薬のスペシャリストである薬剤師。どんな人が向いていて、どんな力が求められるのだろうか? 薬学部を目指す高校生の疑問に、明治薬科大学の越前宏俊学長、齋藤望教授、林弘美教授、服部研之教授に答えてもらった。(野口涼)
「コミュニケーション力」がより必要に
―これからの時代、薬剤師にはどんな力が求められますか?
越前 人と関わる力がますます必要になってくると思います。

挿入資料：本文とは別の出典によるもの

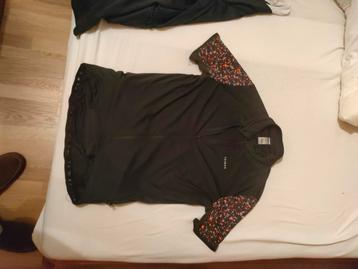 Assortiment Fietstenues Triban + koersbroek beschikbaar voor biedingen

患者さんとコミュニケーションする際はもちろん、病院薬剤師なら手術室や救急の現場などで医師、看護師などの他の医療職と連携して患者さんに対応します。
さらに在宅医療が推進されるなか、薬局薬剤師にも地域医療への関わりがますます求められるようになってくるでしょう。

「真面目でコツコツ」タイプの学生が多い
―薬学部に向いているのはどんな人ですか?
越前 昔から薬剤師には「几帳面で正確な人」が向いていると言われてきましたが、最近では加えて、前述のようにコミュニケーション能力が求められるようになってきました。
林 ただ、やはり真面目でコツコツ努力できるタイプの学生が多いように思います。
―どんな高校生に薬学部進学を目指してほしいですか?
越前 探究心がある人です。それから僕自身は元気のある、リーダーシップが取れる人にも入学してきてほしいと思っています。
理科の勉強はしっかりと、物理も必要
―薬学部進学や薬剤師を目指す高校生は、高校時代にどんなことをやっておくべきですか?

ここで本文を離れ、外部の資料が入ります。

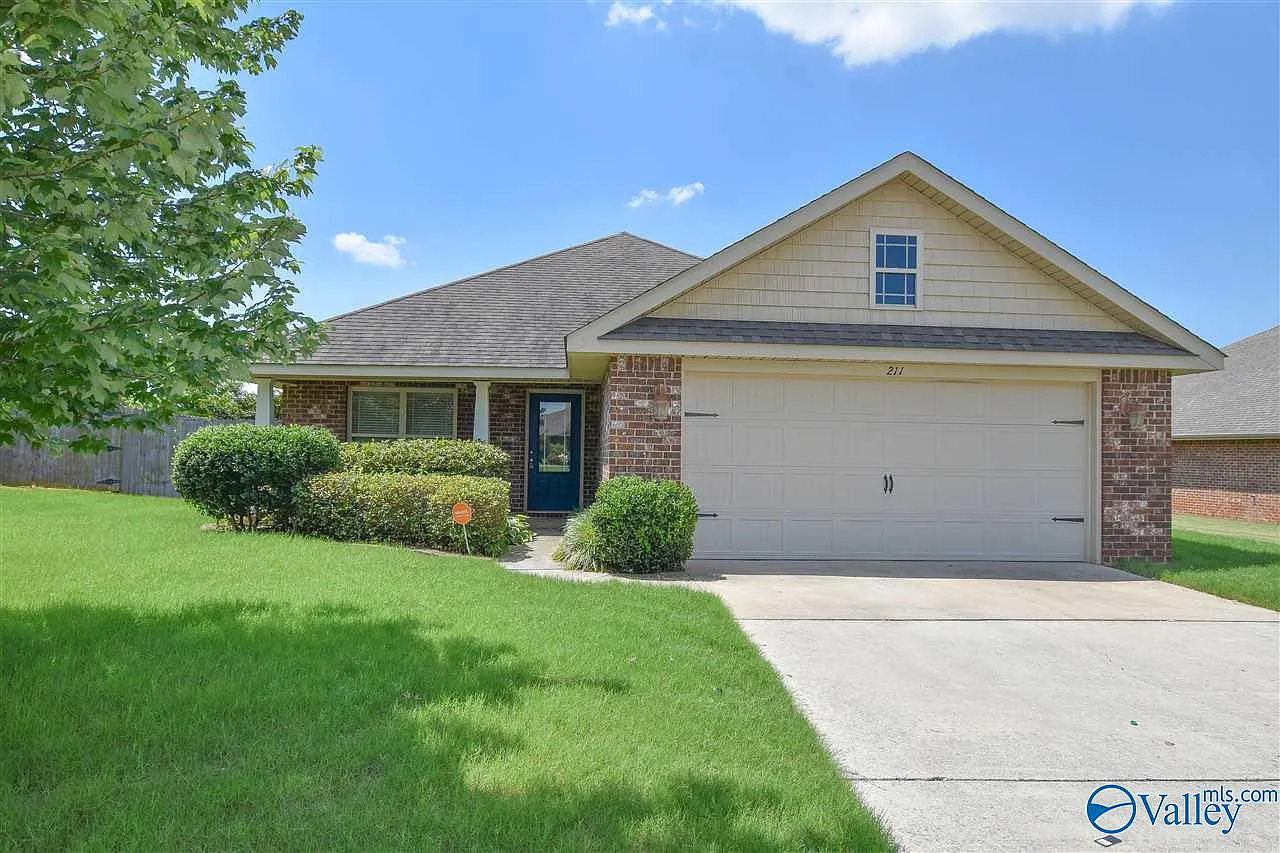 3 bed, 2.0 bath, 1956 sqft, $2,000 — Photo 2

服部 薬剤学などでは「現象を定量的に評価する」という物理の考え方が使われることが多々あります。入試科目として選択していなくても、物理の考え方を身につけておくことが大切だと思います。
齋藤 理科は薬学を支える学問です。本学の学生の様子を見るに、中でも物理についてはあまり得意ではない人が多いようですが、入学してからつまずいてしまうことのないよう、高校の理科はきちんと勉強してきてください。

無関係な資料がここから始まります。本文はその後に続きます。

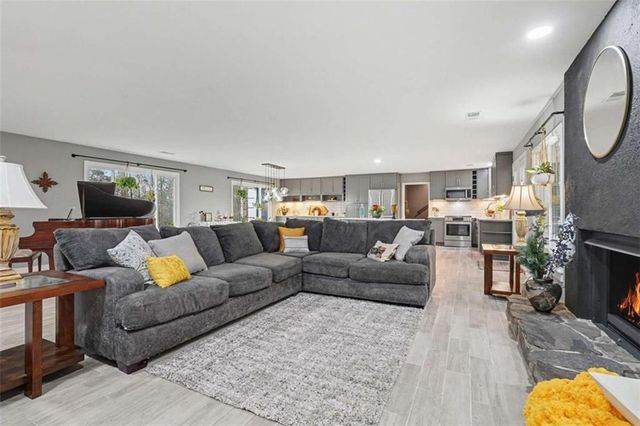 231 Breeze Hill Lane, Canton, GA 30114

林 薬学部の学びは幅広いため、高校時代のさまざまな経験が生きてきます。チーム医療に貢献できるコミュニケーション能力やリーダーシップを養うためにも、いろいろなことに挑戦し、有意義に過ごしていただければと思います。
齋藤望(さいとう・のぞみ)
1972年北海道旭川市生まれ。91年旭川東高校卒、95年北海道大学薬学部卒、2000年同大学大学院薬学研究科博士課程修了。博士(薬学)。専門は有機合成化学、有機金属化学。
林弘美(はやし・ひろみ)
1964年東京都武蔵野市生まれ。83年国立高校卒、87年お茶の水女子大学文教育学部卒、93年同大学大学院博士課程人間文化研究科単位取得退学。博士(言語学)。明治薬科大学では薬学英語などの授業を担当。
服部研之(はっとり・けんじ)
1970年生まれ。89年長崎県立長崎東高校卒、93年東京大学薬学部卒、98年同大学大学院薬学研究科博士課程修了。博士(薬学)。専門は衛生化学、毒性学。
越前宏俊(えちぜん・ひろとし)
1954年北海道生まれ。72年函館ラ・サール高校卒、78年北海道大学医学部医学科卒。78年国立国際医療センター内科、その後米国およびドイツ留学。86年博士(医学、東京大学)。専門は臨床薬理学・消化器病学。2020年より現職。